Dans la voiture, vers 8h.
Il y a eu la mort de mon père, évidemment. Et tes mains dans les miennes; seules ancres qui me retenaient du vide absolu de la douleur.
Il y a eu la khâgne, durant laquelle quasiment personne n'a voulu entendre mes appels au secours. Dépression, paraît-il. L'ombre qui était moi-même te cherchait.
Il y a eu la Fac insipide et anonyme, que j'ai traversée parce qu'il le fallait bien. Les échecs que je provoquais, seule. Seule.
Il y a eu les petits boulots insipides et absurdes, pour payer les factures. Mais je n'étais plus seule. J'ai eu peur d'enseigner, peur d'être mauvaise, certaine d'être toujours en-deça de mes modèles. Toi.
Il y a eu mes premiers remplacements où je me sentais si bien. Je cherchais à te ressembler en cours, sans le savoir.
Il y a eu le CAPES, décroché par hasard. Et je le dédiai à tous mes absents, morts ou vivants.
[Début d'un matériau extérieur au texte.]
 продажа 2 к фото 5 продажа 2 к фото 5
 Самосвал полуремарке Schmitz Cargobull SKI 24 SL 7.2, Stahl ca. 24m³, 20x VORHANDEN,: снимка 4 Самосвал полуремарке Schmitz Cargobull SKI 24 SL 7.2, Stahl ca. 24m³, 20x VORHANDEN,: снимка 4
Il y a eu la mort de ma grand-mère, celle en qui je voyais encore mon père. Celle qui m'a attendue pour mourir, juste après mon retour de vacances. Et les vivants se terrent dans le silence.
Il y a le bénévolat. Je cherche, encore et toujours, une utilité, une reconnaissance. Celle de mes absents.
Il y a les élèves inatteignables et violents. Et je me dis que tu aurais la solution. Les réponses à mes questions.
Il y a ces espoirs sans noms auxquels je me raccrocherai systématiquement, car je crois en cela. L'humain. Malgré tout.